Hi All
I received my Secondary diagnosis in November 2020 and really struggling now with this second lockdown and shielding ... anyone else?
I am 50 years of age and 7 years ago was diagnosed with Primary Breast Cancer and had lumpectomy / all lymph nodes removed from one arm / chemotherapy / radiotherapy and then a reduction on the healthy breast. Following all treatment which finished on 11th September 2014 when I had my scans in the November was given the all clear. Yay - or so I thought. Who knew that Cancer was the gift that kept on giving. I developed Neuropathy in my feet and hands / lymphoedema in my arm and breast / hypothyroidism / osteoarthritis and diabetes. You would have thought that my list was long enough without the addition of secondary breast cancer and another load of drugs. I don't like the chemo drugs - they make me nauseas / exhausted and have aggravated my neuropathy. I have pain in my jaw / teeth I am not quite sure to accompany the pain in my pelvis and legs where my tumours are.

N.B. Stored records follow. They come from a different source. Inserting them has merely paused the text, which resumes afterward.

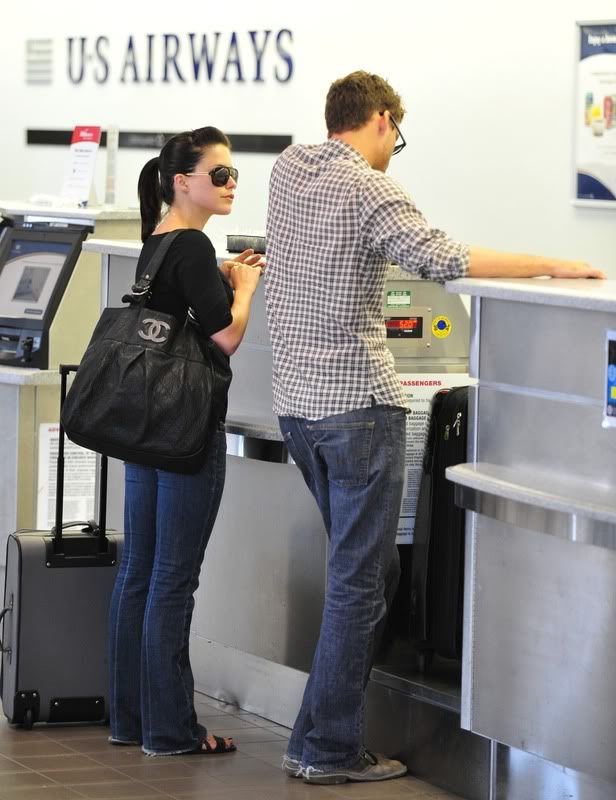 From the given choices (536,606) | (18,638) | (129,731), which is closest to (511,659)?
(536,606)

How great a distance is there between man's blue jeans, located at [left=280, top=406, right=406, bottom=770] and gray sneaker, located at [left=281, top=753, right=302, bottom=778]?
0.19ft

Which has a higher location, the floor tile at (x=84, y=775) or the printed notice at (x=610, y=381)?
the printed notice at (x=610, y=381)

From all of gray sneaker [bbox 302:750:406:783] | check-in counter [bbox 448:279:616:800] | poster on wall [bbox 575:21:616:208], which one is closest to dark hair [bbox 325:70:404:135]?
check-in counter [bbox 448:279:616:800]

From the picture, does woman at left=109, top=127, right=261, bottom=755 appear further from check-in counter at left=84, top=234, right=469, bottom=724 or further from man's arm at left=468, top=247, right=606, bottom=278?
man's arm at left=468, top=247, right=606, bottom=278

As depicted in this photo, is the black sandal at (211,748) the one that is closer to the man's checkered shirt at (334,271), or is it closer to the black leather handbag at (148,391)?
the black leather handbag at (148,391)

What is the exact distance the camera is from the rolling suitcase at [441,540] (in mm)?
3463

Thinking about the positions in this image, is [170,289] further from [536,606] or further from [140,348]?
[536,606]

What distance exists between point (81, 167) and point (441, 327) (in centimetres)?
252

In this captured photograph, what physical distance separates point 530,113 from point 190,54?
3015 mm

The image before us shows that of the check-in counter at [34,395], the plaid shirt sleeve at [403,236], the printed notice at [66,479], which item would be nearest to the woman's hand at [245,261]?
the plaid shirt sleeve at [403,236]

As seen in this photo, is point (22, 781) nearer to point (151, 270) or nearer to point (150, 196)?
point (151, 270)

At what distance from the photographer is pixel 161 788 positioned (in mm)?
3318

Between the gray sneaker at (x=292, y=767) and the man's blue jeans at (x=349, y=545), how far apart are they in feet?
0.19

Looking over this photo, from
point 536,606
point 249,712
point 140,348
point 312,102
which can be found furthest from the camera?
point 312,102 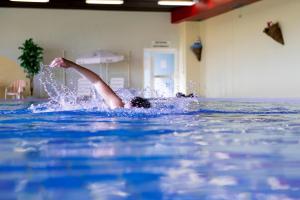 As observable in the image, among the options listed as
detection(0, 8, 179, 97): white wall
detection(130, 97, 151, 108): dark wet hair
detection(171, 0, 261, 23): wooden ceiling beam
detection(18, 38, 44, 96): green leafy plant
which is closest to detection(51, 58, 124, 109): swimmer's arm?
detection(130, 97, 151, 108): dark wet hair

My secondary diagnosis came 7 years after my primary one. I was shocked and devastated to get the news ... I thought I was invincible and had won the cancer fight. I developed a sore back ... to the point I couldn't walk / sit or lie down without pain. Following xrays / MRI and CT scans the bone metastasis was identified in my pelvic bone and my right femur bone.
I am on a cocktail of palbociclib / letrozole and zolandronic acid infusions. This along with all my other medications for all my other ailments means that when I do walk I rattle! Lol
Lockdown is tough - I've seen 1 friend in over a year. Thank god I am in a bubble with my parents and get to spend some time with them at weekends as I am still working full time, albeit from home.
I am tired ALL THE TIME ... I think I could stay in bed now until the day I die but I know i must keep going which is why I am still working, it gives me routine and purpose as there are some days I question that. I am on my own and finding that really difficult. I have never been that successful in the relationship department and know that there is no way now that I will ever meet someone so for me, thinking about all the things I would like on my life list, I know I won't achieve as I don't have anyone to do those things with. Yes friends and family can only do so much - but I find that difficult.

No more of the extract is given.